--- Information supplied ---

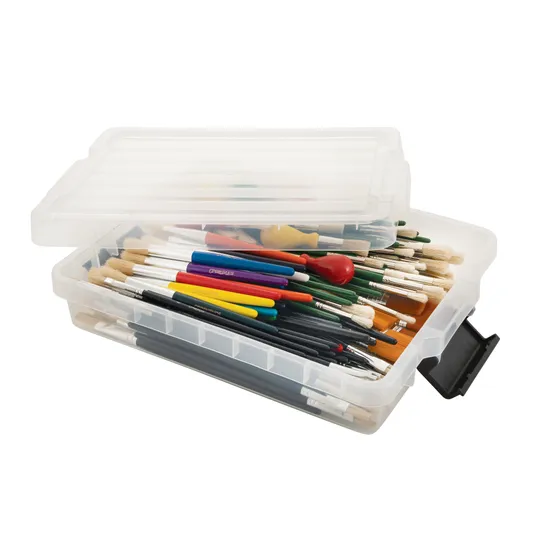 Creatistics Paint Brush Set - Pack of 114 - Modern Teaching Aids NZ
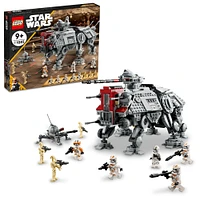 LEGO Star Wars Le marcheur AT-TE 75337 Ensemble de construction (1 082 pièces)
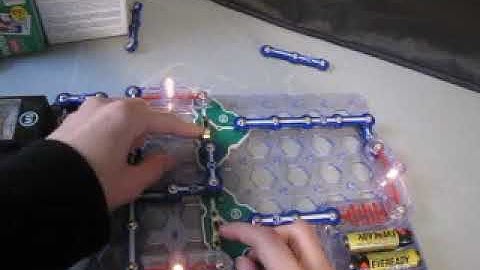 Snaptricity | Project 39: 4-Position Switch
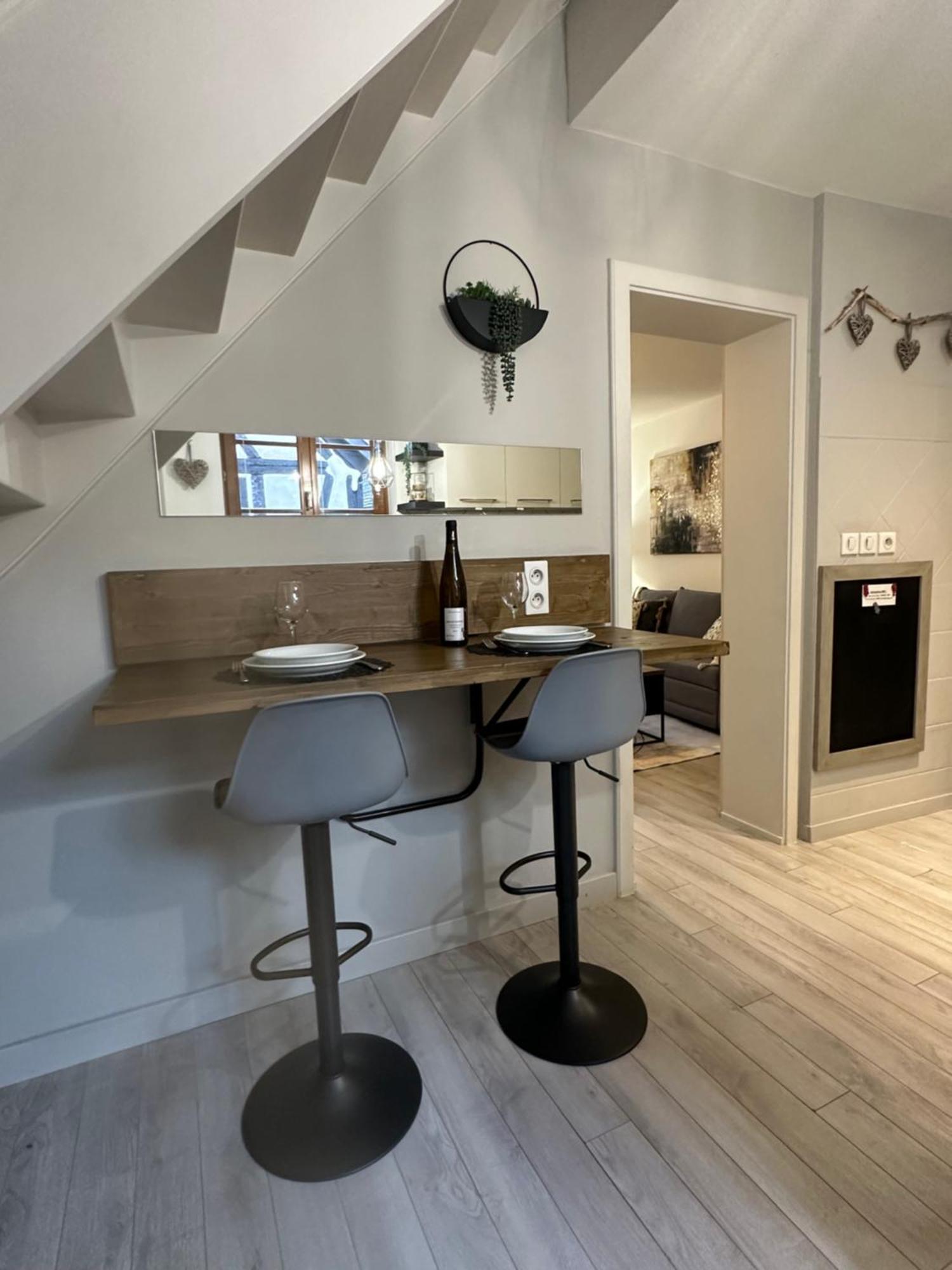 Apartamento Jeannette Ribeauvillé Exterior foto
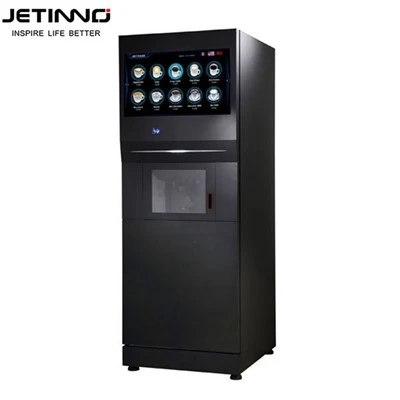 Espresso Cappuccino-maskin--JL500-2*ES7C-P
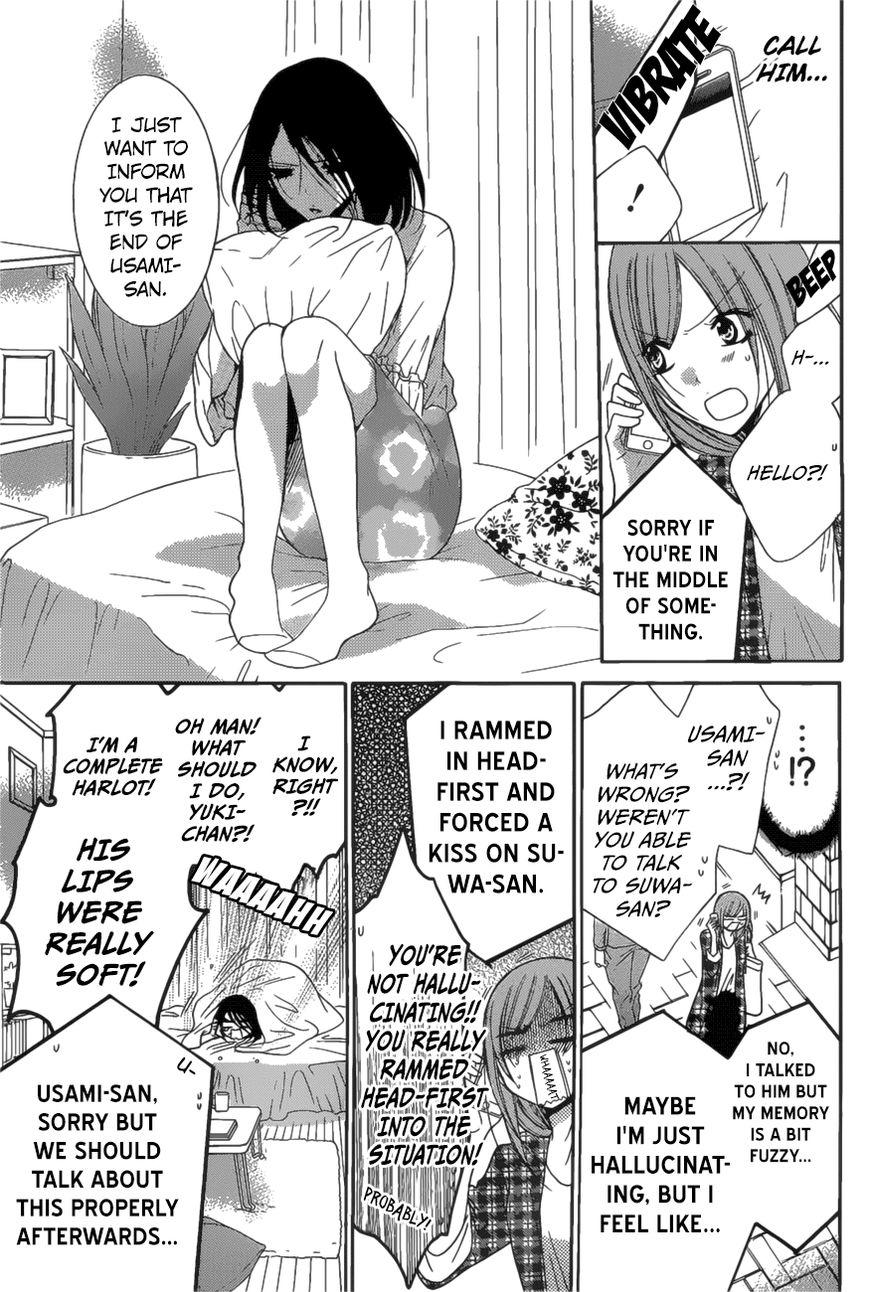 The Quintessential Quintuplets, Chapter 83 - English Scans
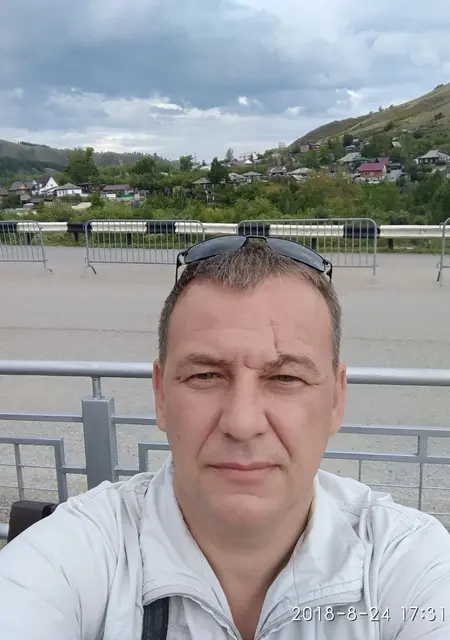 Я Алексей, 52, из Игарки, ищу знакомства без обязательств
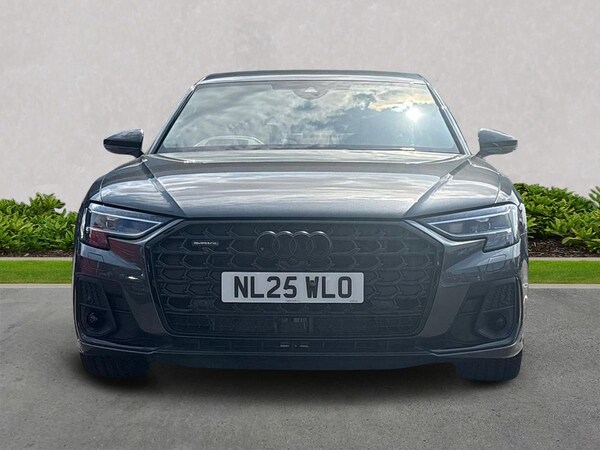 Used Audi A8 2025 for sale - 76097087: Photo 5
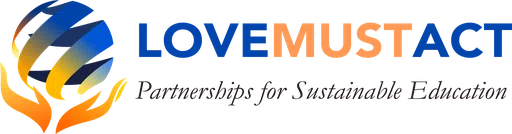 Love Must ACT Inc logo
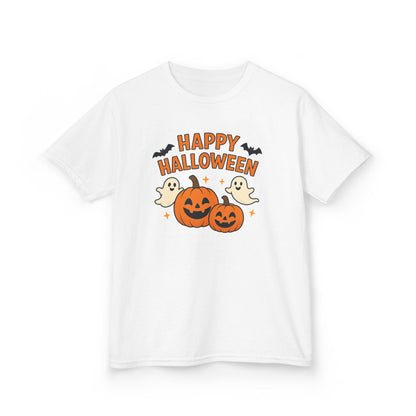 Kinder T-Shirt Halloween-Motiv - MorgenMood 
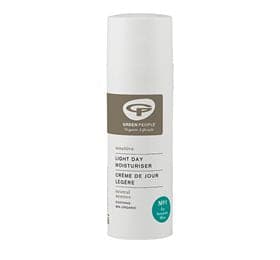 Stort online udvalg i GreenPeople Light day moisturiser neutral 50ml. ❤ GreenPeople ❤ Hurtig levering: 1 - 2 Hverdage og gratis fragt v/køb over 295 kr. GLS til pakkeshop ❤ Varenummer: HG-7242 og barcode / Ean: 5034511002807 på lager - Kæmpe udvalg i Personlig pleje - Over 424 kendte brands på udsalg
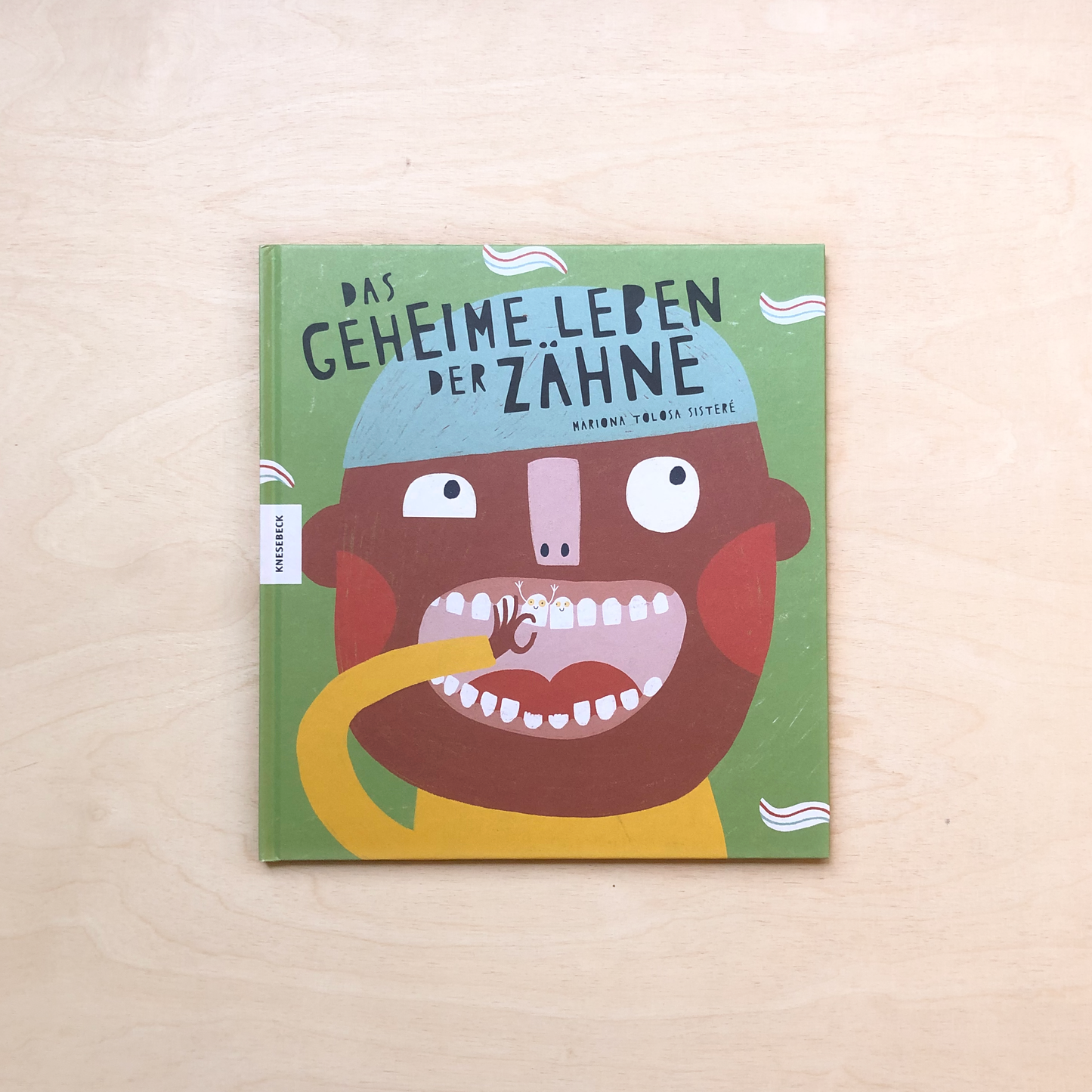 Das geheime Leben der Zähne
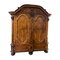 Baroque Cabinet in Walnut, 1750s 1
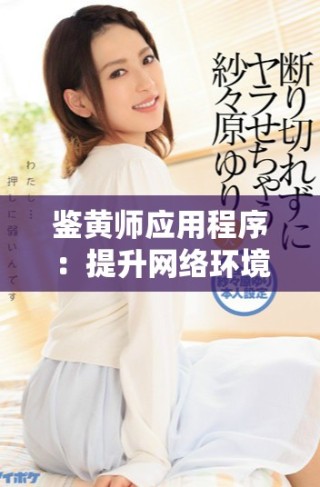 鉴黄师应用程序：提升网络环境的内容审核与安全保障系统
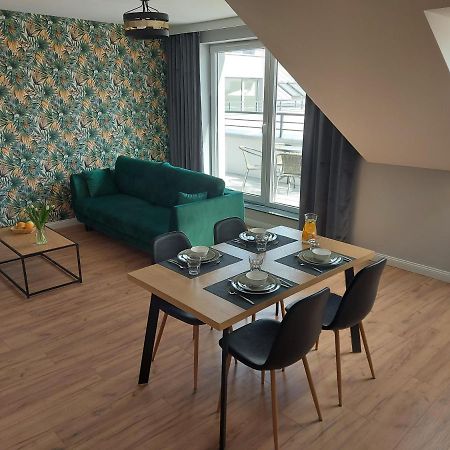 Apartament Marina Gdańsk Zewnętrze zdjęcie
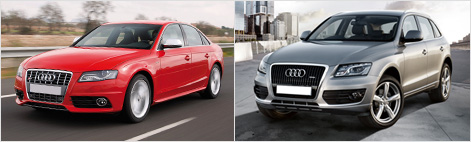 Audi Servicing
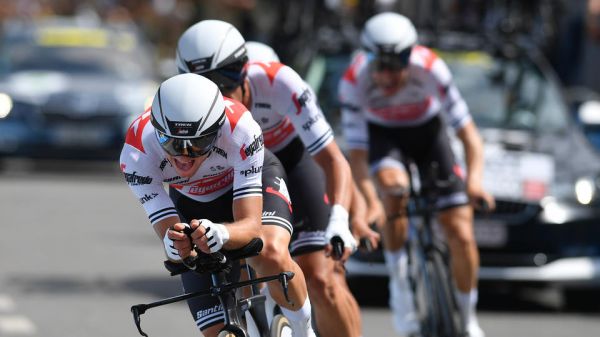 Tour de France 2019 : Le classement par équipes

---

▶ _Work instruction_
Go through the listing above and retype it exactly, skipping every picture.

▶ _Solution below_
 Creatistics Paint Brush Set - Pack of 114 - Modern Teaching Aids NZ
 LEGO Star Wars Le marcheur AT-TE 75337 Ensemble de construction (1 082 pièces)
 Snaptricity | Project 39: 4-Position Switch
 Apartamento Jeannette Ribeauvillé Exterior foto
 Espresso Cappuccino-maskin--JL500-2*ES7C-P
 The Quintessential Quintuplets, Chapter 83 - English Scans
 Я Алексей, 52, из Игарки, ищу знакомства без обязательств
 Used Audi A8 2025 for sale - 76097087: Photo 5
 Love Must ACT Inc logo
 Kinder T-Shirt Halloween-Motiv - MorgenMood 
 Stort online udvalg i GreenPeople Light day moisturiser neutral 50ml. ❤ GreenPeople ❤ Hurtig levering: 1 - 2 Hverdage og gratis fragt v/køb over 295 kr. GLS til pakkeshop ❤ Varenummer: HG-7242 og barcode / Ean: 5034511002807 på lager - Kæmpe udvalg i Personlig pleje - Over 424 kendte brands på udsalg
 Das geheime Leben der Zähne
 Baroque Cabinet in Walnut, 1750s 1
 鉴黄师应用程序：提升网络环境的内容审核与安全保障系统
 Apartament Marina Gdańsk Zewnętrze zdjęcie
 Audi Servicing
 Tour de France 2019 : Le classement par équipes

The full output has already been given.